Barbie dolls dressed as space explorers have proven to be valuable assets in solving the lunar dust problem faced by scientists.
Recent experiments using Barbie as a test subject have revealed a novel and effective technique for removing Moon dust from spacesuits, potentially aiding future space exploration.
Barbie’s versatility as a character has been showcased throughout the years, portraying roles like a US president, a Nobel Prize-winning physicist, a Supreme Court Justice, and even a mermaid in Greta Gerwig’s 2023 film.
One of her most iconic roles is that of a space explorer, where Astronaut Barbie was taking children on imaginary space adventures even before NASA’s own astronauts set foot on the Moon in the 1960s. This trailblazing depiction of space exploration came 13 years before NASA welcomed female astronauts into their program.
Barbie’s Role in Unraveling the Lunar Dust Cleaning Challenge
Lunar dust presents a significant issue for space exploration due to its “ubiquitous, abrasive, and electrically charged” nature, as explained by Ian Wells, a graduate researcher at Washington State University.
The microscopic particles cling stubbornly to astronauts’ spacesuits, posing difficulties in cleaning them off. The traditional cleaning methods used during the Apollo missions were ineffective, leading to potential damage to the suits’ seals.
Apart from suit damage, inhaling lunar dust can cause serious harm to the lungs, with Wells likening it to “breathing ground-up fiberglass.” Considering the future plans of returning to the Moon, finding a new cleaning technique to protect spacesuits and astronauts is of utmost importance.
Inspired by the “Leidenfrost effect,” the team from Washington State University experimented with Barbie and liquid nitrogen.

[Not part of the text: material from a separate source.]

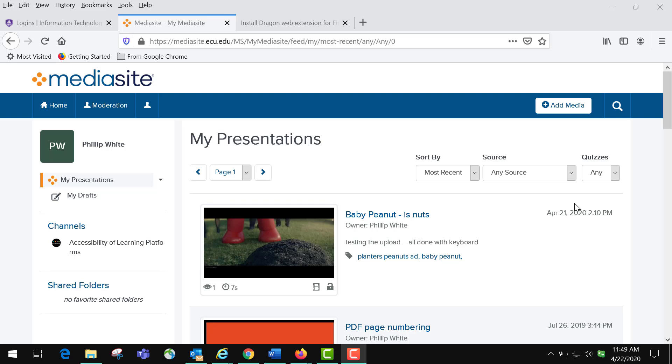We're here in my Mediasite account and I'm going to show you today that you can add captions to your video clips. If you've made them in MDR or uploaded them, you're going to come to your My Presentations.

By coating Barbie, dressed in a tailor-made spacesuit, with volcanic ash and spraying her with liquid nitrogen, they discovered a remarkable effect similar to a “cryogenic carwash.”
This innovative technique utilized a combination of the Leidenfrost effect and the “boiling liquid expanding vapor explosion” (Bleve) effect, successfully removing lunar dust from the spacesuit.

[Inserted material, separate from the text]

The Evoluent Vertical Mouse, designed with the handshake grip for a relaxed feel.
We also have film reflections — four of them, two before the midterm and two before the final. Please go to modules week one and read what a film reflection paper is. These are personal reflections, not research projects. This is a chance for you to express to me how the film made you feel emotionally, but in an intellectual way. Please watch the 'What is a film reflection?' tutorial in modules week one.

Sourcing real Moon dust was restricted by legal regulations, so volcanic ash from Mount St. Helens was used as a substitute for testing. The liquid nitrogen spray, functioning as intended, propelled some Moon dust into the surrounding air.
However, the challenge remains in devising a method to remove the propelled dust from the air before astronauts take off their spacesuits to prevent inhalation.
The study, published in Acta Astronautica, reported a remarkable 97% and 98.4% removal rate of lunar dust by mass in ambient and vacuum environments, respectively. Encouraged by these positive results, the team further tested the liquid nitrogen spray on scale models, ensuring its effectiveness.
Barbie played a pivotal role as a test subject, demonstrating high dust removal efficiency with minimal damage to the spacesuit.
Barbie’s surprising involvement in solving the lunar dust problem highlights the importance of innovative approaches in space exploration. As scientists continue their research, they aim to replicate the Moon’s environment more accurately and eventually test the technique on human astronauts.
Although Barbie, affectionately named “Rosie” in this research, may have retired from future experiments, her contribution illustrates how even a simple plastic toy can play a significant role in advancing celestial exploration.